Why is there no mention of Mr. Hartmann's educational background, degrees, institutions etc? Curiously, this information is also absent on all of his web pages and pages referring to him. For someone who speaks authoritatively on so many subjects and with as much influence as he, this is critial information. —Preceding unsigned comment added by (talkcontribs) 07:47, March 6, 2006

To be fair, it would appear that Hartmann is the same as Rush -- little in the way of formal college education and some very iffy avoiding of the biggest war of their lifetimes. The difference is that a person could edit an article about Rush and make that point, but if anybody were foolish enough to do that about a liberal/progressive, they would quickly be accused of vandalizing. So it isn't possible to repair the article on Hartmann even though it is obviously flawed. — Preceding unsigned comment added by (talk) 05:47, 19 December 2013 (UTC)

I also find no web references to Hartmann's formal education. The above anonymous poster connects this 'critical' information to Hartmann's influence. Hartmann is a radio talk-show host, for which there is no formal education. The fact the above poster is seeking such information speaks to Hartmann's ability to grasp and make important contributions to diverse fields. In my introductory paragraph I describe him as a "lay scholar", which I think is a useful term for people who have, on their own, achieved competency in an area of study and are in a position to add to a body of knowledge surrounding it. Suppose that Hartmann has no academic credential. I suggest the above poster refer me to a single Wikipedia article that mentions lack of academic training as anything but a source of pride or as a source of derision. Making a point of it would seem to be a petty distraction. CoastThinker 04:46, 2 June 2006 (UTC)
It certainly is relevant and useful information to note, one way or the other. No doubt Hartmann makes the college dropout Rush Limbaugh look like a mental midget, even without the benefit of a whole year of college Limbaugh supposedly had, yet one gets the impression Hartmann is something more akin to a dilletante as opposed to the honorific title lay scholar, though ably fighting the good fight on Air America. —The preceding unsigned comment was added by (talk) 01:35, 16 February 2007 (UTC).
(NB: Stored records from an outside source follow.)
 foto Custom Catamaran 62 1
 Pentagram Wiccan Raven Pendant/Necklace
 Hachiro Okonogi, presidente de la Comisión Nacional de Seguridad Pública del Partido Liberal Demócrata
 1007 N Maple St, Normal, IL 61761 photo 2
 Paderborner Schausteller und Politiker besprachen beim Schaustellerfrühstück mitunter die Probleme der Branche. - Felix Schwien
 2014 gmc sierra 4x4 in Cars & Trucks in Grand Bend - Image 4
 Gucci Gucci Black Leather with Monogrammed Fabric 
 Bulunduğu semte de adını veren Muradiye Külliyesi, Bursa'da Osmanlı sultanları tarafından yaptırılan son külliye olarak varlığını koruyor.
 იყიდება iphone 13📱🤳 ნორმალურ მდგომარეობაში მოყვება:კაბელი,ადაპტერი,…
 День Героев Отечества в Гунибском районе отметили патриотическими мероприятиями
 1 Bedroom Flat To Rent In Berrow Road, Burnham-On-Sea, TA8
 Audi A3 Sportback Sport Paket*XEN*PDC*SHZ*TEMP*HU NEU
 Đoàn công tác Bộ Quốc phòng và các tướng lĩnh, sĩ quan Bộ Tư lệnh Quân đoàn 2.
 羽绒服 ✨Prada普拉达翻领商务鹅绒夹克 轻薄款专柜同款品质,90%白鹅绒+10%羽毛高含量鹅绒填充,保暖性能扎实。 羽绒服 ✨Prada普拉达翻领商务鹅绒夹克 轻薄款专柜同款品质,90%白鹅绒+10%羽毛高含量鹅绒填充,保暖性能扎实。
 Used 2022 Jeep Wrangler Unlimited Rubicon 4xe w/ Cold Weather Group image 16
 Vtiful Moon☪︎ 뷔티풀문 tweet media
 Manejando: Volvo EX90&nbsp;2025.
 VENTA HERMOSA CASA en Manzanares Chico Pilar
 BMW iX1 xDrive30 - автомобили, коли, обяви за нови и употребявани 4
Everything I can find indicates that Hartmann has no college degree or degrees. Also, it isn't clear how a college dropout avoided Vietnam, but perhaps his SDS efforts were so radically leftist that he wasn't deemed desirable by the military? —Preceding unsigned comment added by (talk) 03:00, 26 January 2008 (UTC)

OK: Education and draft status[edit]

Limbaugh graduated from Cape Central High School, in 1969. His father and mother wanted him to attend college, so he enrolled at Southeast Missouri State University. But he dropped out after two semesters and one summer; according to his mother, "he flunked everything", even a modern ballroom dancing class.[4] His mother was not entirely surprised. As she told a reporter in 1992, "He just didn't seem interested in anything except radio."[7]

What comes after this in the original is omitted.